United States District Court, S.D. Indiana, Indianapolis Division

November 2, 2016

John Hurlburt, Plaintiff,
Bradley Consulting & Management, Inc., Defendant.



         Presently pending before the Court in this breach of contract case is Defendant Bradley Consulting & Management, Inc.'s (“Bradley”) Motion to Dismiss Second Amended Complaint. [Filing No. 26.]

         I. Standard of Review

         Federal Rule of Civil Procedure 8(a)(2) “requires only ‘a short and plain statement of the claim showing that the pleader is entitled to relief.'” Erickson v. Pardus, 551 U.S. 89, 93 (2007) (quoting Fed.R.Civ.P. 8(a)(2)). “Specific facts are not necessary, the statement need only ‘give the defendant fair notice of what the…claim is and the grounds upon which it rests.'” Erickson, 551 U.S. at 93 (quoting Bell Atlantic v. Twombly, 550 U.S. 544, 555 (2007)).

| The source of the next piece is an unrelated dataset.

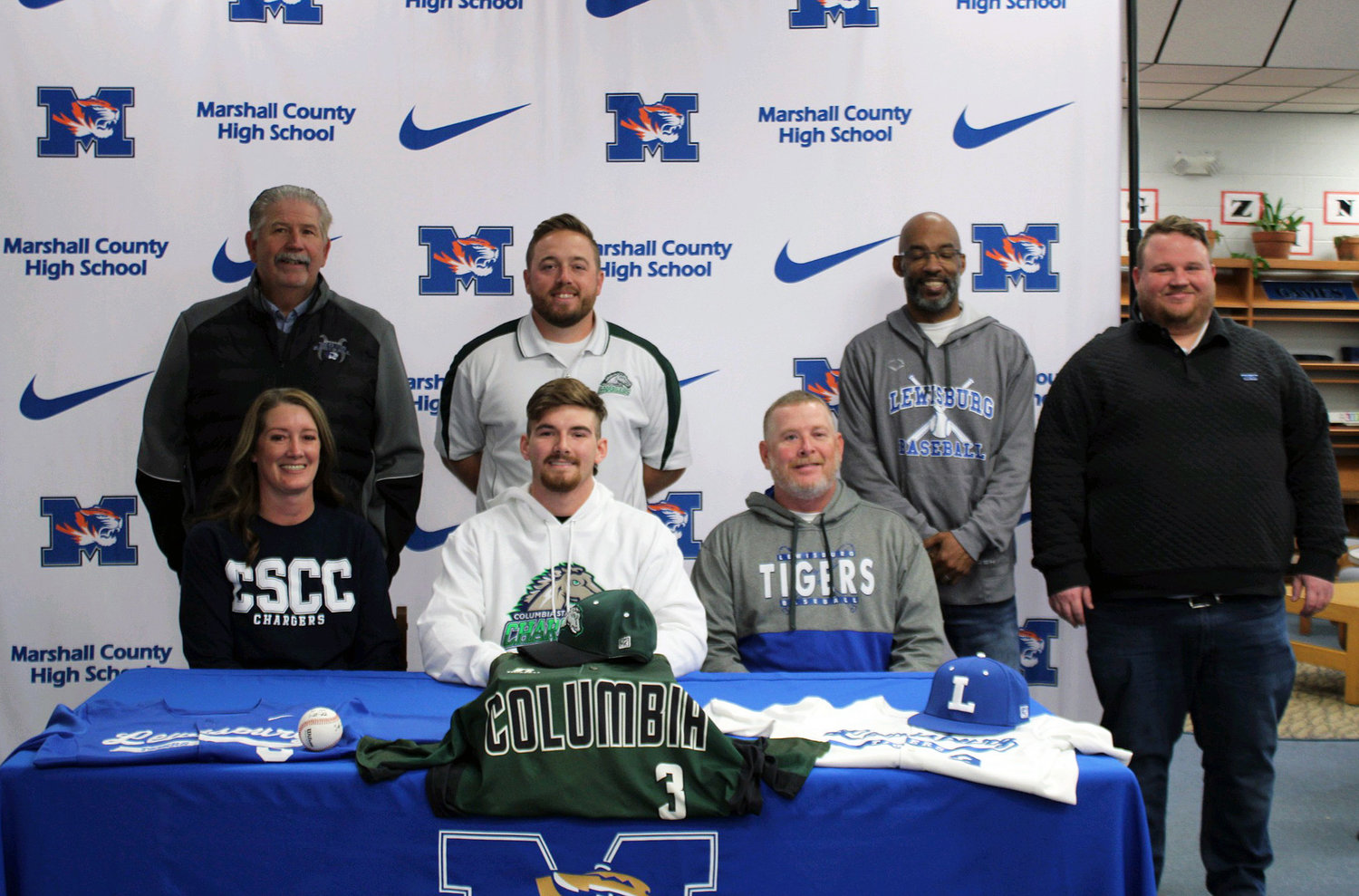 Tristan Griggs signs his letter of intent to continue his baseball career at Columbia State Community College.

         A 12(b)(6) motion to dismiss asks whether the complaint “contain[s] sufficient factual matter, accepted as true, to ‘state a claim to relief that is plausible on its face.'” Ashcroft v. Iqbal, 556 U.S. 662, 678 (2009) (quoting Twombly, 550 U.S. at 570). In reviewing the sufficiency of the complaint, the Court must accept all well-pled facts as true and draw all permissible inferences in favor of the plaintiff. See Active Disposal, Inc. v. City of Darien, 635 F.3d 883, 886 (7th Cir. 2011). The Court will not accept legal conclusions or conclusory allegations as sufficient to state a claim for relief. See McCauley v. City of Chicago, 671 F.3d 611, 617 (7th Cir. 2011). Factual allegations must plausibly state an entitlement to relief “to a degree that rises above the speculative level.” Munson v. Gaetz, 673 F.3d 630, 633 (7th Cir. 2012). This plausibility determination is “a context-specific task that requires the reviewing court to draw on its judicial experience and common sense.” Id.

         II. Background

         The factual allegations in the Second Amended Complaint filed by Plaintiff John Hurlburt, which the Court must accept as true for purposes of ruling on the pending motion, are as follows:

         Mr. Hurlburt began working for Bradley as a Sales Consultant in August 2014, earning an annual salary of $43, 000. [Filing No. 21 at 2.] Mr. Hurlburt met and exceeded Bradley's legitimate work expectations as a Sales Consultant. [Filing No. 21 at 2.] In May 2015, Mr. Hurlburt received an offer of employment from Alpha Review Corporation (“Alpha”) for a permanent position as Sales Representative at a base salary of $73, 000 plus commission (for an estimated annual total of $100, 000 to $110, 000). [Filing No. 21 at 2.] On or about June 1, 2015, Mr. Hurlburt notified Bradley president Eric Bradley that he was going to accept the position with Alpha and that he would be resigning from Bradley effective June 9, 2015. [Filing No. 21 at 2.] Mr. Hurlburt also told Mr. Bradley what his compensation would be in the new position at Alpha. [Filing No. 21 at 2.]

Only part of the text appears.